For Popper, this was not a problem because his falsification criteria made no appeal to induction. Professor Kasser quips that Popper is like a mutual fund manager who warns that past performance is not only no guarantee of future performance; it's no evidence at all for future performance.
But consider these cases:
- Contrary to Popper's model, at some point we stop testing our theories and start taking them for granted. Ask yourself how much sense it makes to get on an airplane if you don't think past performance is any indicator at all of future performance.
- From reading Popper, you might expect that early 19th-century scientists would have been anxious to reject Newtonian physics when the planet Uranus did not have the orbit that Newtonian physics predicted. Instead, they kept Newtonian physics and posited an as-yet-unobserved planet that turned out to be Neptune.

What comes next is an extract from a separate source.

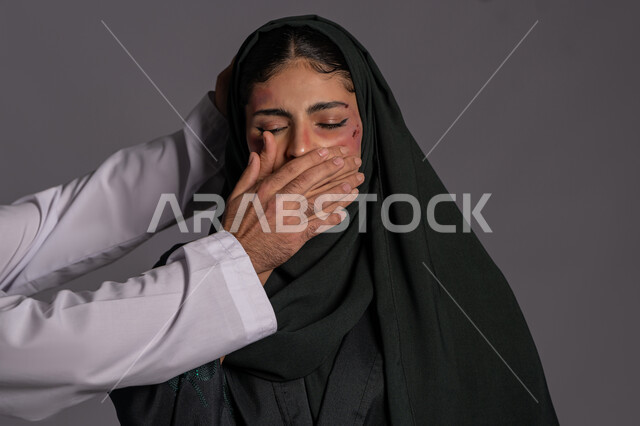إجبار الامرأة على السكوت من قبل الرجال, التعرض للأذى الجسدي، اليوم العالمي للقضاء على العنف ضد النساء 25 نوفمبر, العلاقات الزوجية الفاشلة, بورتريه مقرب لشابة عربيه إماراتية خليجية محجبة تغمض عينيها بإيماءات الخوف, سيدة سعودية حزينة, حقوق المرأة المسلمه، خلفية رمادية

- Astrology is the poster child of alleged pseudosciences. But advocates of this view often say in one breath that astrology makes false predictions and in another that it's unfalsifiable and hence, unscientific. But making false predictions is just one outcome of making testable ones. You can't simultaneously reject a theory as false and unscientific, especially if your criterion for science is falsifiability.
- Popper's criteria admit virtually all competitors into the race to survive falsification. But "nobody would watch the Olympics if everybody got to compete," says Professor Kasser. "We have to find some way of distinguishing views that should be taken seriously, that should receive our resources, from views that shouldn't."
Popper is not the only thinker to get the philosophical third degree in this manner. If you already hold views about the nature of science or if you simply have strong instincts about what sounds right, you will find your convictions tested repeatedly in this course.
A Manual for Intellectual Self-Defense
Popper represents one powerful current of philosophical thought about science in the 20th century. Another was initiated by Thomas Kuhn in his 1962 book, The Structure of Scientific Revolutions, which Professor Kasser also covers in depth.
In the course of these lectures, you will investigate a wide range of philosophical approaches to science, including empiricism, constructivism, scientific realism, and Bayesianism.
You will also explore such concepts as natural kinds, bridge laws, Hume's fork, the covering-law model, the hypothetico-deductive model, and inference to the best explanation (mistakenly called "deduction" in the Sherlock Holmes stories). Professor Kasser shows how these and other tools allow us to take apart scientific arguments and examine their inner workings.
"Philosophy, in general, is supposed to provide a kind of manual for intellectual self-defense," he explains. "So philosophy of science should help us look at claims made within science, and claims made about science, and help us make informed judgments about how and what we're to think about each case."
Throughout the course, Dr. Kasser is careful to be an impartial guide, describing the arguments among different philosophers as these debates developed during the past 100 years. In Lecture 36, he ventures his own synthesis of the major themes that stand out in this remarkable century of thought.
Dr. Kasser's masterful summary in this last lecture might just count as a game-winning play in the inquiry he launched so boldly with a baseball analogy in Lecture 1. But we invite you to be the umpire.